Takanami Iwao, Abiko Tomohiro, Koizumi Satoko
Department of Surgery, Teikyo University School of Medicine, Tokyo, Japan.
Ann Thorac Cardiovasc Surg. 2009 Dec;15(6):373-7.
Transsternal thymectomy is well established in the treatment of myasthenia gravis (MG). The objectives of this study were to evaluate the influence and prognostic factors of thymectomy as treatment for MG.
Surgical results of 54 patients with MG who underwent transsternal thymectomy were retrospectively reviewed. We investigated clinical outcomes of extended transsternal thymectomy in MG, and we analyzed the data to clarify the effect of prognostic factors on clinical outcome.
A total of 54 patients, including 28 males and 26 females, were analyzed. At their last visit, 5 patients (9%) were in complete remission; 36 (67%) reported clinical improvement; and 18 (33%) had no change. There were no operative or late deaths. Clinical improvement was not detected by a patient's age, sex, presence or absence of thymoma, or acetylcholine receptor (AchR) antibodies titer. Patients in which the duration of illness before operation was equal to or less than 24 months (p = 0.018), and patients in the advanced Myasthenia Gravis Foundation of America (MGFA) stage (p = 0.014), showed a greater degree of clinical improvement.
Transsternal thymectomy for MG is safe and effective. Those patients with severe symptoms and a shorter duration of illness showed more benefits from thymectomy.

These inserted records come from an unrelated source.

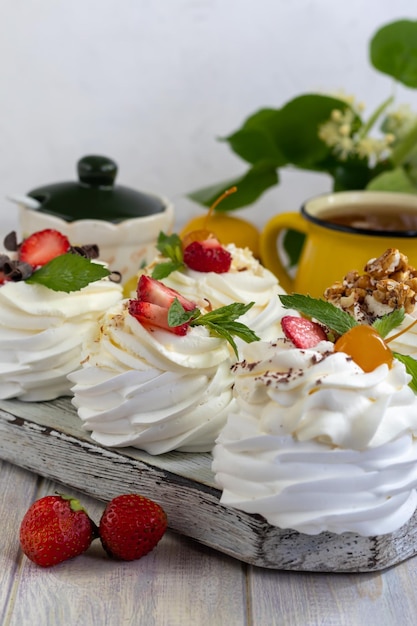 Tortas de merengue de Pavlova con crema batida y hojas de menta de fresas frescas Enfoque selectivo
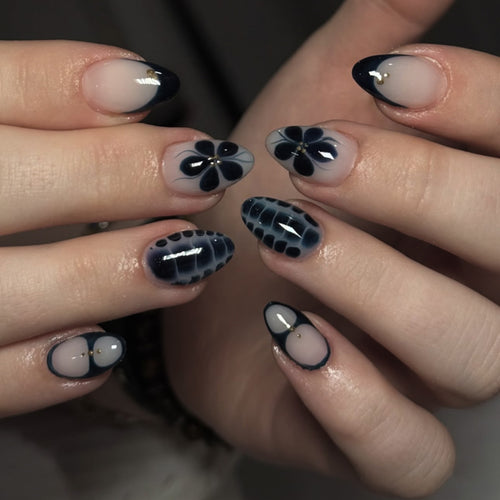 Artful nail art in elegant stiletto design with floral accents Bowlift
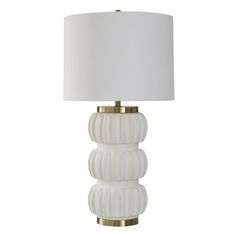 a white lamp with a gold base and a white shade on the top of it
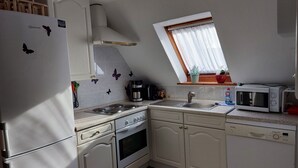 A compact kitchen with white cabinets, a built-in oven, a microwave, and a sink. - Apartment at the old Greetsieler Tief (Eilsum)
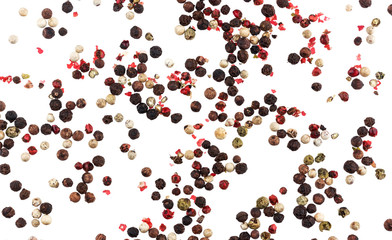 Different peppers isolated on white background (black, red, green and white peppercorns)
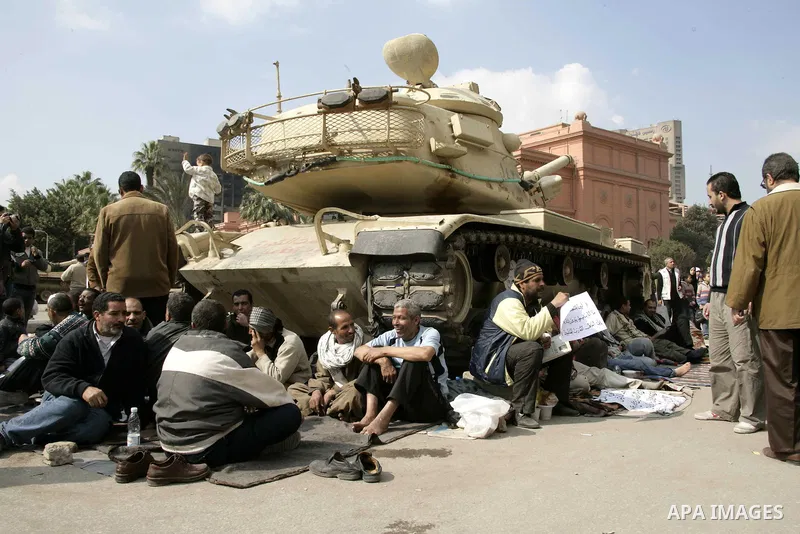 Anti-government protesters take part in demonstrations in Tahrir Square in downtown Cairo, Egypt, Tuesday, Feb. 8, 2011. Protesters appear to have settled in for a long standoff, turning Tahrir Square into a makeshift vi...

经胸骨胸腺切除术在重症肌无力(MG)的治疗中已得到充分确立。本研究的目的是评估胸腺切除术作为MG治疗方法的影响及预后因素。
对54例行经胸骨胸腺切除术的MG患者的手术结果进行回顾性分析。我们研究了MG患者扩大经胸骨胸腺切除术的临床结果,并分析数据以阐明预后因素对临床结果的影响。
共分析了54例患者,其中男性28例,女性26例。在最后一次随访时,5例(9%)完全缓解;36例(67%)报告临床症状改善;18例(33%)无变化。无手术死亡或晚期死亡。患者的年龄、性别、是否存在胸腺瘤或乙酰胆碱受体(AchR)抗体滴度均未检测到临床改善。术前病程等于或小于24个月的患者(p = 0.018)以及美国重症肌无力基金会(MGFA)晚期的患者(p = 0.014)临床改善程度更大。
经胸骨胸腺切除术治疗MG安全有效。症状严重且病程较短的患者从胸腺切除术中获益更多。